→ **RECORDS FOR PROCESSING**:
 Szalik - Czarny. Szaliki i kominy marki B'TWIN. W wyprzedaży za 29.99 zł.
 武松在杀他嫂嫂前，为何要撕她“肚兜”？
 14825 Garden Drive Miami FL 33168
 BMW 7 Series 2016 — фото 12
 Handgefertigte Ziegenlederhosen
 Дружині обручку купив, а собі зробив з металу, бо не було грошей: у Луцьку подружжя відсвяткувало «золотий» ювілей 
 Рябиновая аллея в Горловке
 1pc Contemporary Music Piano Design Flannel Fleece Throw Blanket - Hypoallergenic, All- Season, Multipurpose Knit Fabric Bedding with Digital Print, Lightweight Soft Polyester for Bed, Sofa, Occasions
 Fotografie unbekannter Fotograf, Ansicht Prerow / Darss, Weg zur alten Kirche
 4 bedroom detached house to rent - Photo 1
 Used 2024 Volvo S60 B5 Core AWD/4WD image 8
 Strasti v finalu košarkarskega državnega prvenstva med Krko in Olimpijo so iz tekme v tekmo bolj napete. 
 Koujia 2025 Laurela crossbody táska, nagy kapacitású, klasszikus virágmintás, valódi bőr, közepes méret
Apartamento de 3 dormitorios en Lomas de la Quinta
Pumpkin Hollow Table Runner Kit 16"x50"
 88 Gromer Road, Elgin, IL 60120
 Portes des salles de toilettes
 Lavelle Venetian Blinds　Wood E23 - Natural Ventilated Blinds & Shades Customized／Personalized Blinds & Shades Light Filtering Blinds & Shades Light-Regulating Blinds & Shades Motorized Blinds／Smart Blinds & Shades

→ **DESCRIPTION OF THE TASK**: Extract the full listing above without altering anything.

→ **RESULT**:
 Szalik - Czarny. Szaliki i kominy marki B'TWIN. W wyprzedaży za 29.99 zł.
 武松在杀他嫂嫂前，为何要撕她“肚兜”？
 14825 Garden Drive Miami FL 33168
 BMW 7 Series 2016 — фото 12
 Handgefertigte Ziegenlederhosen
 Дружині обручку купив, а собі зробив з металу, бо не було грошей: у Луцьку подружжя відсвяткувало «золотий» ювілей 
 Рябиновая аллея в Горловке
 1pc Contemporary Music Piano Design Flannel Fleece Throw Blanket - Hypoallergenic, All- Season, Multipurpose Knit Fabric Bedding with Digital Print, Lightweight Soft Polyester for Bed, Sofa, Occasions
 Fotografie unbekannter Fotograf, Ansicht Prerow / Darss, Weg zur alten Kirche
 4 bedroom detached house to rent - Photo 1
 Used 2024 Volvo S60 B5 Core AWD/4WD image 8
 Strasti v finalu košarkarskega državnega prvenstva med Krko in Olimpijo so iz tekme v tekmo bolj napete. 
 Koujia 2025 Laurela crossbody táska, nagy kapacitású, klasszikus virágmintás, valódi bőr, közepes méret
Apartamento de 3 dormitorios en Lomas de la Quinta
Pumpkin Hollow Table Runner Kit 16"x50"
 88 Gromer Road, Elgin, IL 60120
 Portes des salles de toilettes
 Lavelle Venetian Blinds　Wood E23 - Natural Ventilated Blinds & Shades Customized／Personalized Blinds & Shades Light Filtering Blinds & Shades Light-Regulating Blinds & Shades Motorized Blinds／Smart Blinds & Shades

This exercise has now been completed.